-- Entries shown --
++++++++

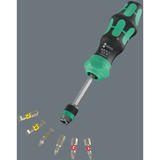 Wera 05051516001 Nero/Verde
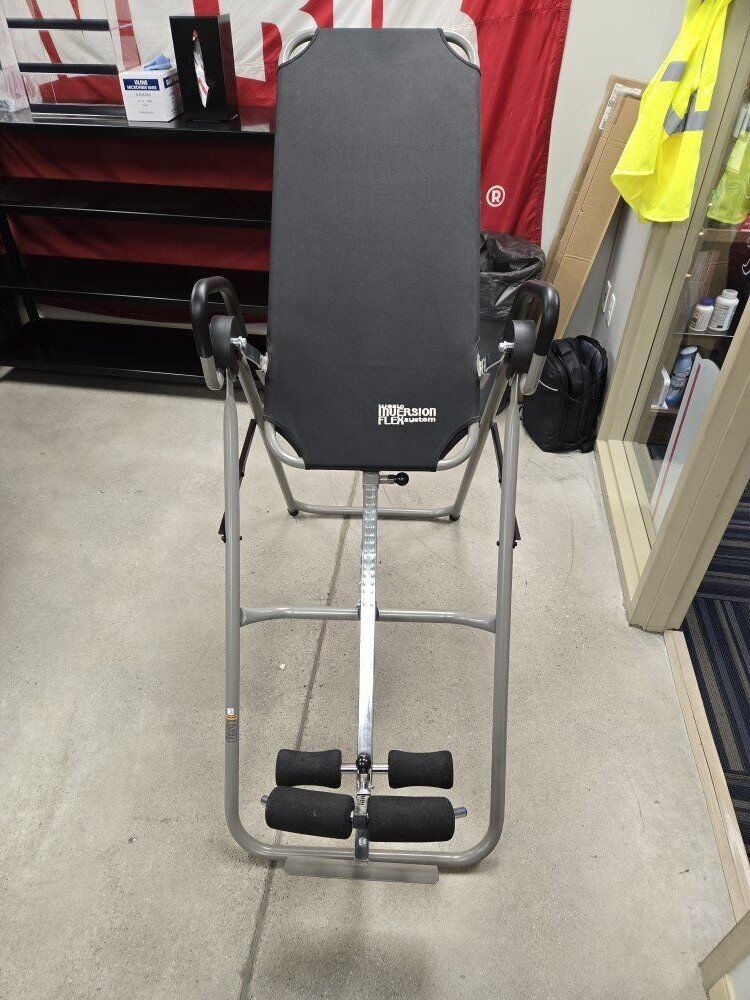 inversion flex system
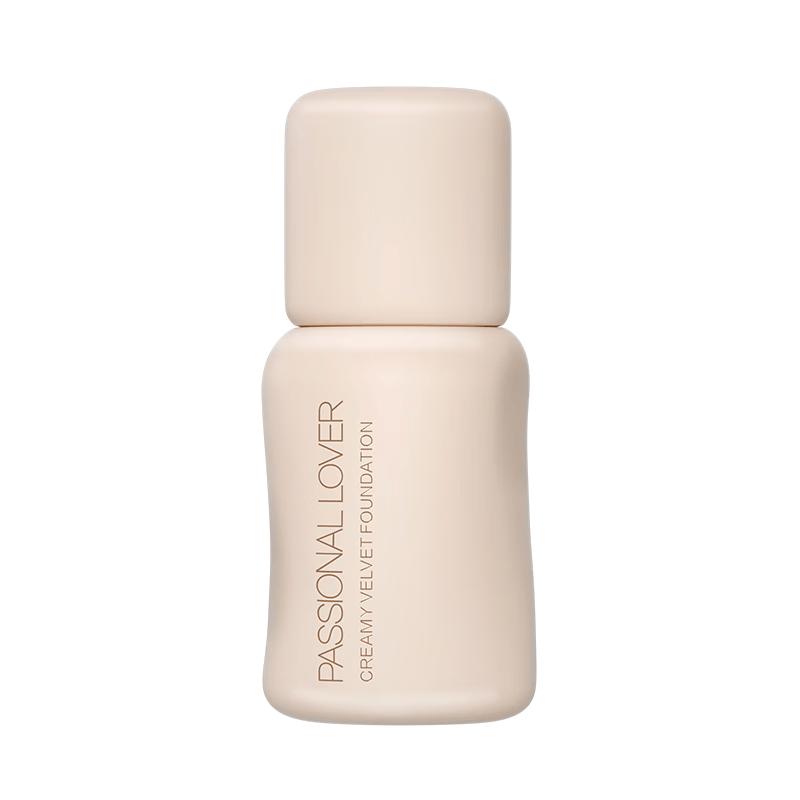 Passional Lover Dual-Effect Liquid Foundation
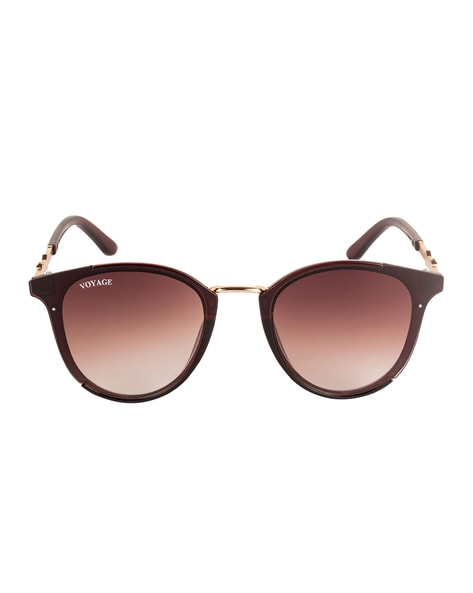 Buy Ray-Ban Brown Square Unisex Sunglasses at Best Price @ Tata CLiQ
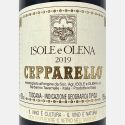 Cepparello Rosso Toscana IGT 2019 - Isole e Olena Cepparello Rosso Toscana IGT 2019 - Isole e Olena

++++++++

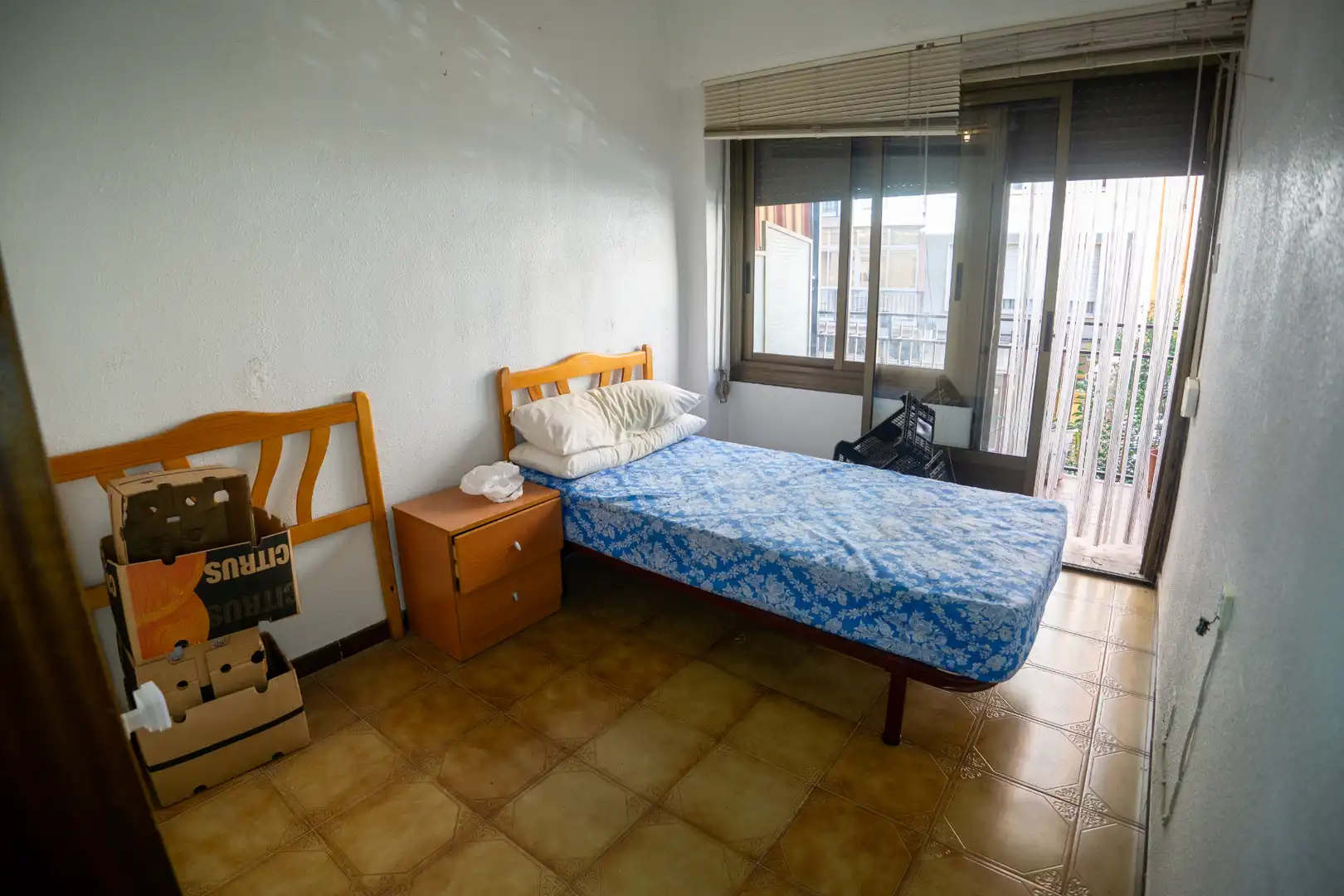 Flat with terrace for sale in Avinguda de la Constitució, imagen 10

++++++++

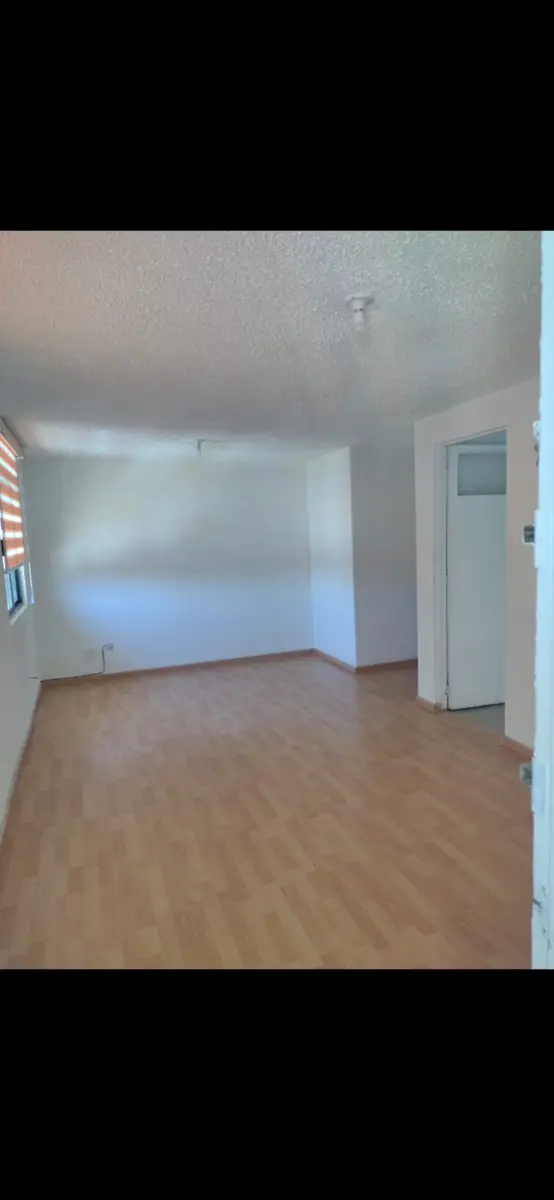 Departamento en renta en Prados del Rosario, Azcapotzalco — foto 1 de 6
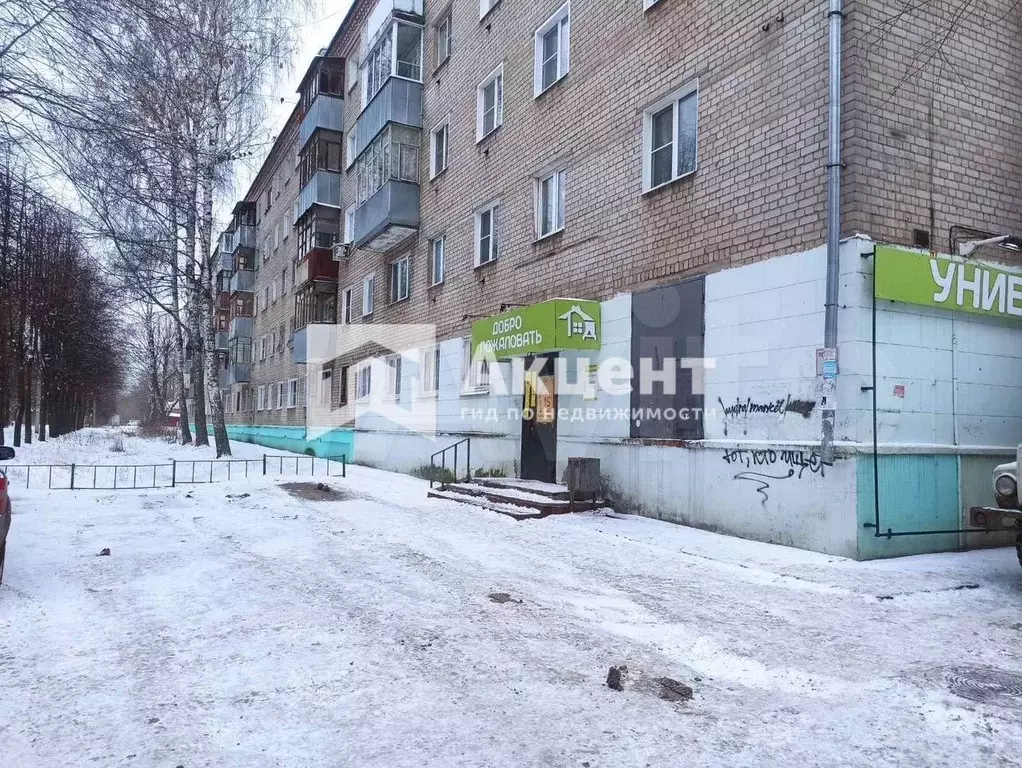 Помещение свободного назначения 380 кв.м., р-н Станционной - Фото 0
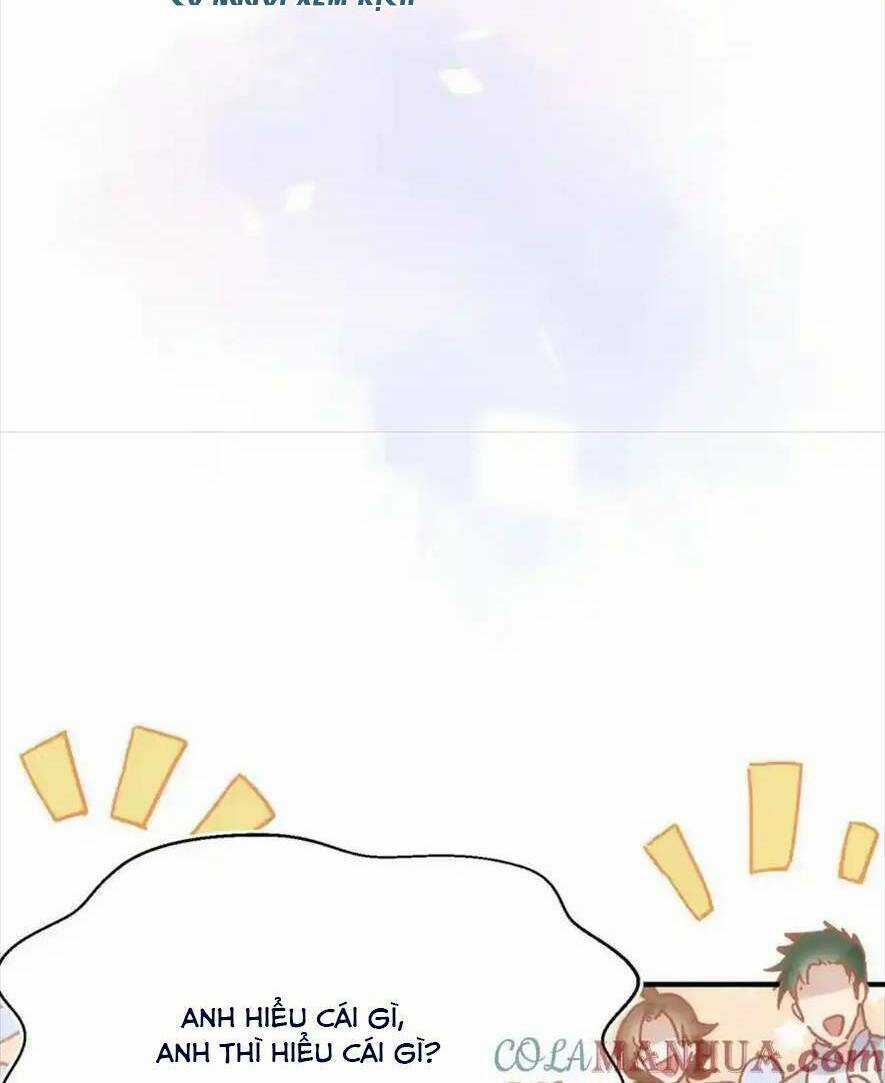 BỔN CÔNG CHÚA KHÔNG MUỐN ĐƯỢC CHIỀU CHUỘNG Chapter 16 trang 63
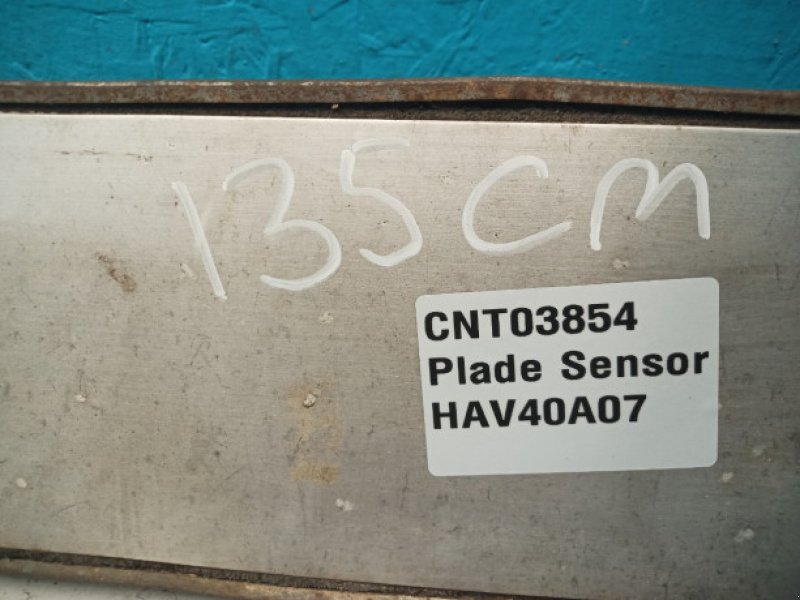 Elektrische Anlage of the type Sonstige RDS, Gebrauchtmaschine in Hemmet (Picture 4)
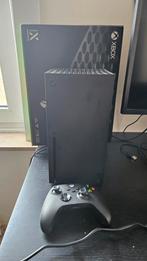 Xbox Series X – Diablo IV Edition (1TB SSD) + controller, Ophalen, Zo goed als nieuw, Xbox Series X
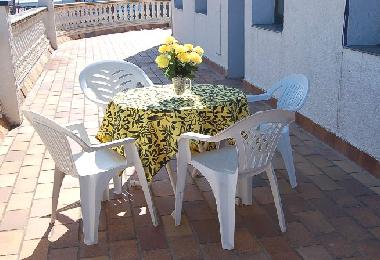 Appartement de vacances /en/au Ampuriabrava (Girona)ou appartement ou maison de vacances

++++++++

-- Problem to solve --
Return exactly the lines above, from the one with "BỔN CÔNG CHÚA" up to and including the one with "Appartement de vacances", and include no pictures.

-- Your response --
 BỔN CÔNG CHÚA KHÔNG MUỐN ĐƯỢC CHIỀU CHUỘNG Chapter 16 trang 63
 Elektrische Anlage of the type Sonstige RDS, Gebrauchtmaschine in Hemmet (Picture 4)
 Xbox Series X – Diablo IV Edition (1TB SSD) + controller, Ophalen, Zo goed als nieuw, Xbox Series X
 Appartement de vacances /en/au Ampuriabrava (Girona)ou appartement ou maison de vacances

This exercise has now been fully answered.